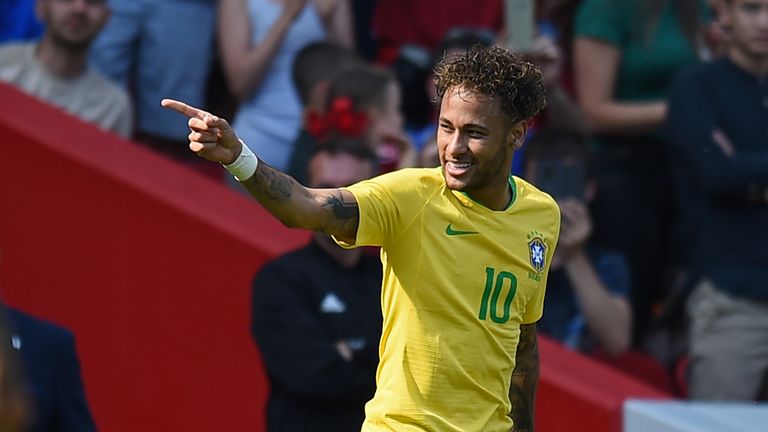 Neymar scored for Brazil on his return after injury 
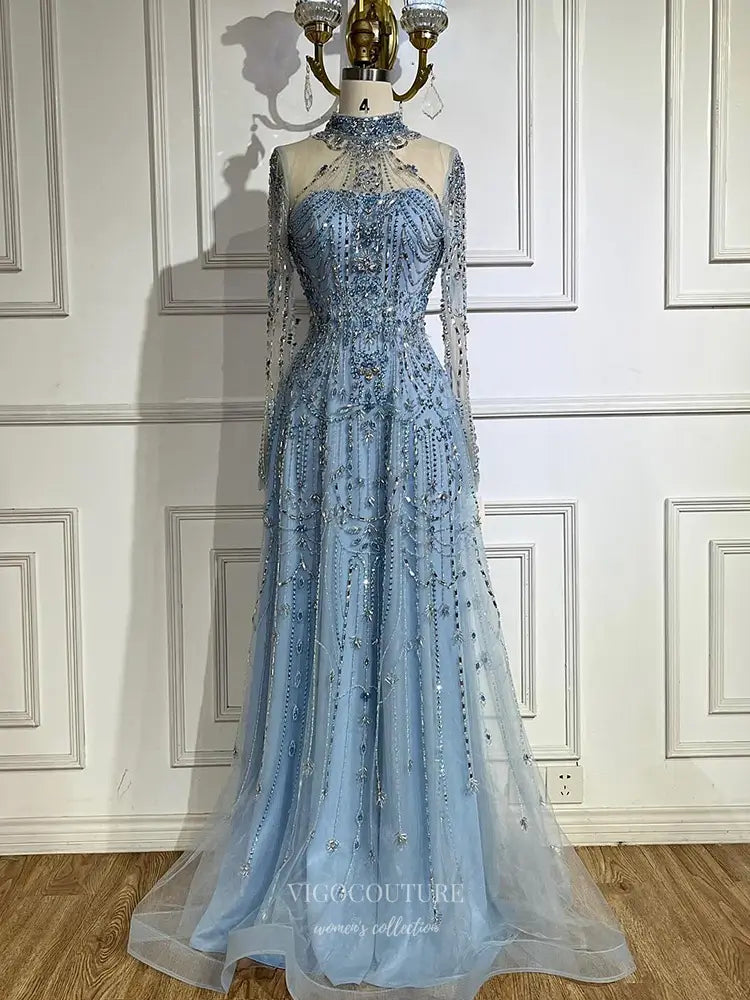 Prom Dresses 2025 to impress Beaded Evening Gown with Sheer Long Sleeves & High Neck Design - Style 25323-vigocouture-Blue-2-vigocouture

...

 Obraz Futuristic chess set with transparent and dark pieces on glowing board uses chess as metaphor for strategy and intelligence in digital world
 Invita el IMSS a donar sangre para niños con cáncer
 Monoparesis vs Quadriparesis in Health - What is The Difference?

# Assigned task
In the records above, find the line with "Neymar scored for" and the line with "Prom Dresses 2025". Write out exactly those lines and every one between, with no pictures and no other lines.

# Problem solution
 Neymar scored for Brazil on his return after injury 
 Prom Dresses 2025 to impress Beaded Evening Gown with Sheer Long Sleeves & High Neck Design - Style 25323-vigocouture-Blue-2-vigocouture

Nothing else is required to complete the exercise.